#### [REQUIRED WORK]
Every record must be output verbatim in the reply.

- - - - - - -

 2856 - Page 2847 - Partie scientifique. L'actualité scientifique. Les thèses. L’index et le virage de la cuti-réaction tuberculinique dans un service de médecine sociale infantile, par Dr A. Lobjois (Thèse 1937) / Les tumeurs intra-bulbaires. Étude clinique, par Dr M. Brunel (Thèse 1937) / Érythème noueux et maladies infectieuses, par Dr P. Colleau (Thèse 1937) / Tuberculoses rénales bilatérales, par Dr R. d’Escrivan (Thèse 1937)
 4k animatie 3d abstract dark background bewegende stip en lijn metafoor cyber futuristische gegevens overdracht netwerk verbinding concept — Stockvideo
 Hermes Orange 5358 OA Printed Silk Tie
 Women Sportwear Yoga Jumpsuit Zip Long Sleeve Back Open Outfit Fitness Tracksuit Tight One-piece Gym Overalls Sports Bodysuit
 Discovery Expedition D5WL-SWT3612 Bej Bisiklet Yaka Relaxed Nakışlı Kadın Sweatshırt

- - - - - - -

#### [RESPONSE]
 2856 - Page 2847 - Partie scientifique. L'actualité scientifique. Les thèses. L’index et le virage de la cuti-réaction tuberculinique dans un service de médecine sociale infantile, par Dr A. Lobjois (Thèse 1937) / Les tumeurs intra-bulbaires. Étude clinique, par Dr M. Brunel (Thèse 1937) / Érythème noueux et maladies infectieuses, par Dr P. Colleau (Thèse 1937) / Tuberculoses rénales bilatérales, par Dr R. d’Escrivan (Thèse 1937)
 4k animatie 3d abstract dark background bewegende stip en lijn metafoor cyber futuristische gegevens overdracht netwerk verbinding concept — Stockvideo
 Hermes Orange 5358 OA Printed Silk Tie
 Women Sportwear Yoga Jumpsuit Zip Long Sleeve Back Open Outfit Fitness Tracksuit Tight One-piece Gym Overalls Sports Bodysuit
 Discovery Expedition D5WL-SWT3612 Bej Bisiklet Yaka Relaxed Nakışlı Kadın Sweatshırt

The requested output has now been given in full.